Well, there could be various file name extensions if you wish, as two names
for the same thing is no problem: it is when there is one name for two
different things where problems occur.

Characters cannot be changed. The names are fixed as part of the Unicode
standard. Also, in relation to the courtyard codes which I have published I
will not change the meanings of any published code point allocations. If,
however, you wish to suggest some additional facility I will try to encode
what you suggest if that is possible.

>Stability of the meaning of the file isn't important.

Well, I disagree on that. Stability of meaning is very important. For
example, my published code point collections in the Private Use Area have
stability of meaning as a key feature. People who choose to use them can be
sure that I will not change the meanings of code point allocations which I
have published.

>
>However, I think my first suggestion will be to make the benefits of
>.uof available to XML. We can all this .uo1.

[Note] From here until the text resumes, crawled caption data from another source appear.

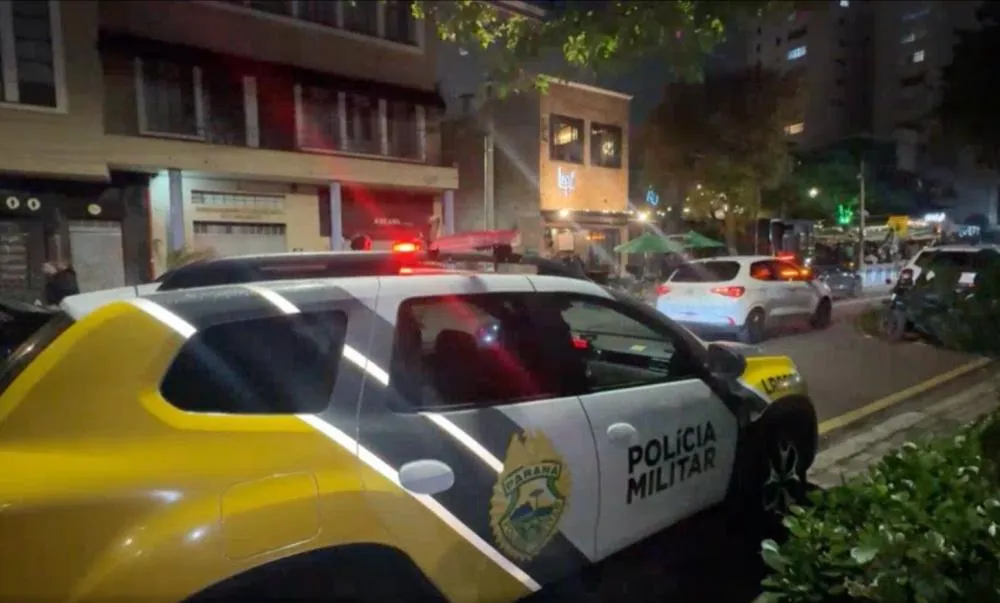 A polícia já abriu investigação sobre o incidente em tradicional bar de Curitiba, envolvendo policial civil - Foto: Reprodução/Vídeo Banda B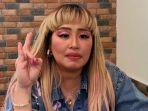 Penyanyi-Pinkan-Mambo-di-kawasan-Kebayoran-Baru.jpg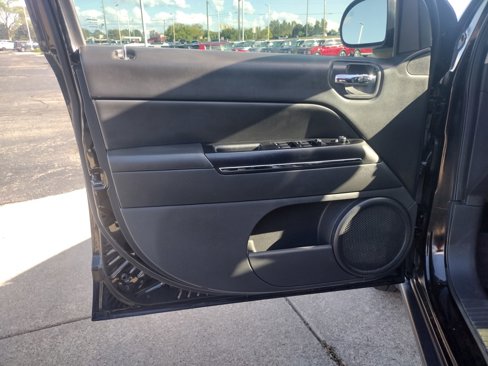 Used 2012 Jeep Compass Limited w/ Sun/Sound Group image 24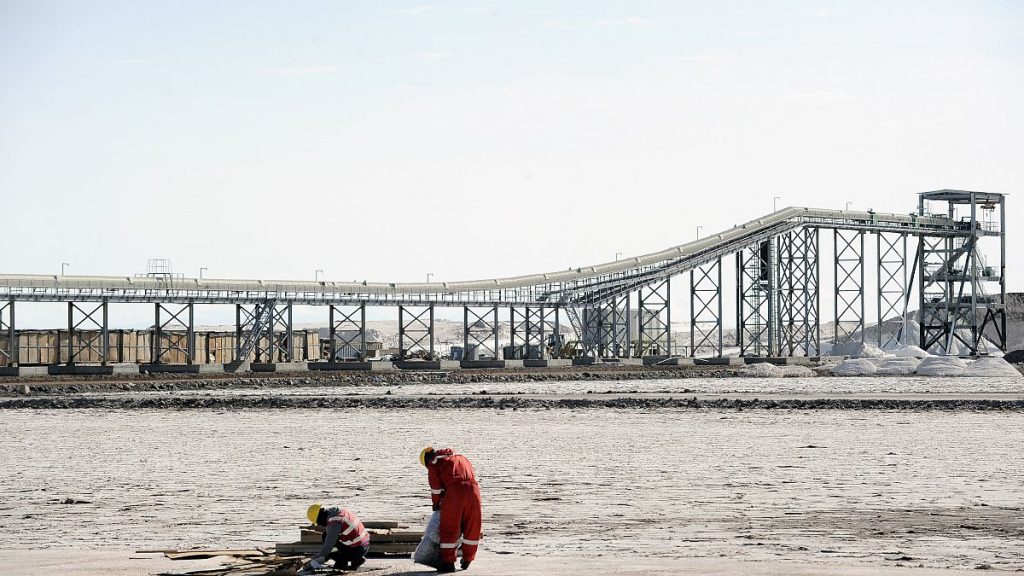 فيديو : شاهد: الحكومة البوليفية تفتتح أول معمل لصناعات الليثيوم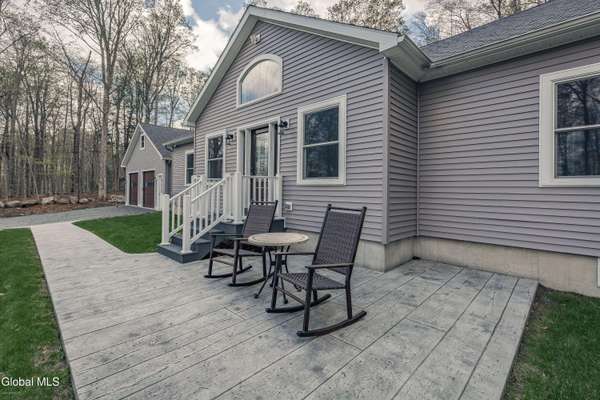 323 N Shore Rd Peck Road, Gloversville, NY 12078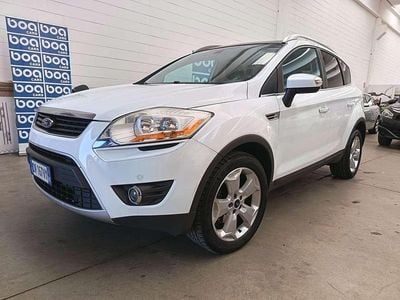 Usata Ford Kuga Titanium 136 CV (100 kW) 2009 Bianco SUV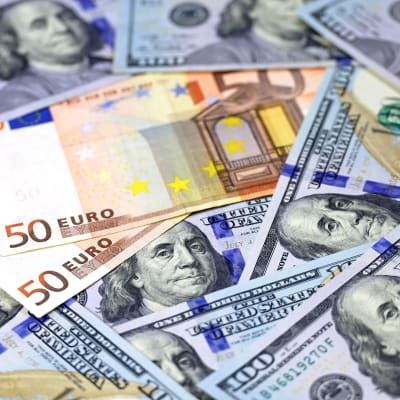 Eurosedlar och dollarsedlar
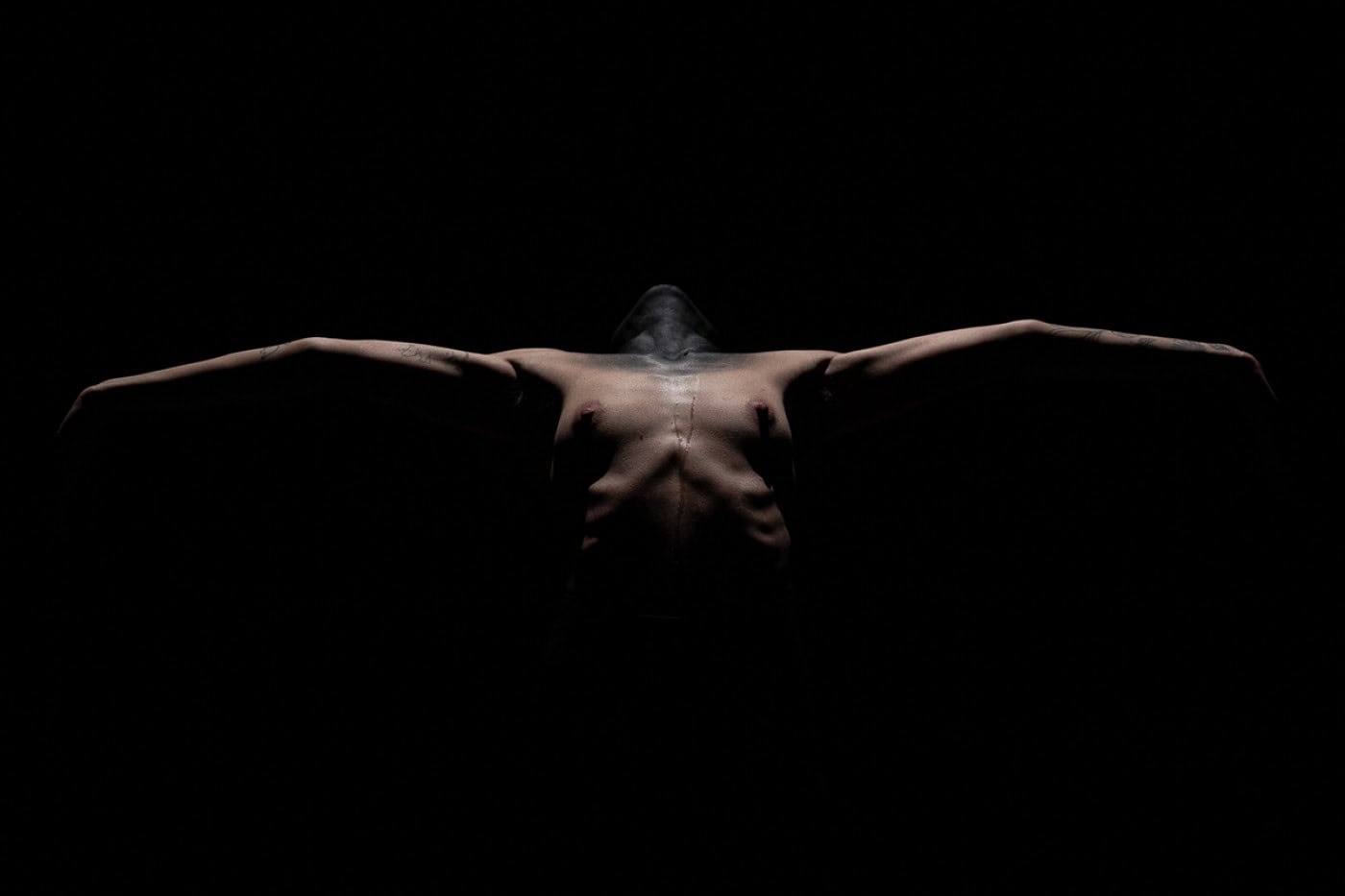 Joana Castro apresenta espetáculo de dança autobiográfico sobre a ideia de morte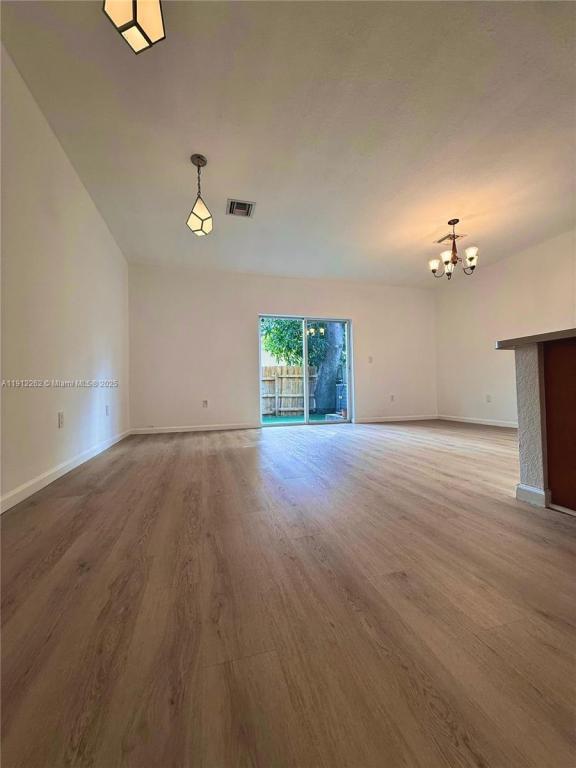 Foto principal - 63 SE 3rd Ave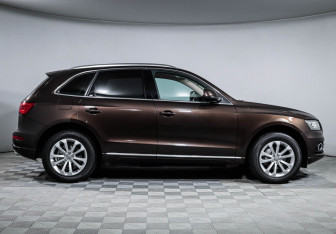 Подержанный автомобиль Audi Q5 2013 года (4 фото)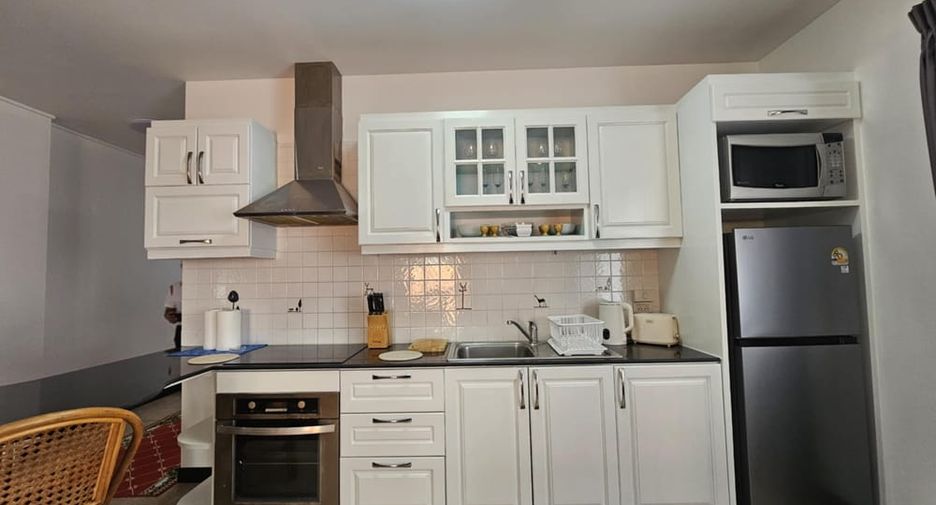 For rent 2 bedrooms condo in Pratumnak, Pattaya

I have no idea how to do this, so if you could please explain I would be
interested to learn.

>
>I am a little disconcerted that html already can do everything that .uof
>does plus more, and is also supported by all of the publishers that are
>like to support .uof.

Well, HTML can do more than can .uof by a long way, yet HTML cannot quite do
everything which a .uof file could do, as far as I aware, though I am
willing to learn if the situation is different.

For example, suppose that a book is being made available as a Unicode plain
text file and it is desired to add just a few illustrations without a major
reformatting of the whole text, which uses CARRIAGE RETURNS to indicate
paragraphs. A text editor could be used to insert a few U+FFFC characters
at appropriate places in the file and a .uof file could be used to carry a
list of the names of the illustration files in the order in which they are
used. Conversion to HTML format would require a larger file and would limit
the ways in which the file could be displayed to just the use an HTML
browser.

> Also, as there are more than a million characters
>in Unicode, most are unused so far, so changing the meaning of just FFFC
>in this one context doesn't seem like a big win, considering also every
>line of code that might work with FFFC now needs to consider the context
>to determine its semantics.

I don't follow what you mean.

However, the meaning of U+FFFC is not, I hope, going to be changed at all.
I have simply suggested that an optional way of indicating, outside of the
plain text file which contains one or more U+FFFC characters, the extra
information as to which object the U+FFFC character is anchoring.

>But every invention deserves to be implemented, we need not look at
>whether the invention satisfies some demand of its customers.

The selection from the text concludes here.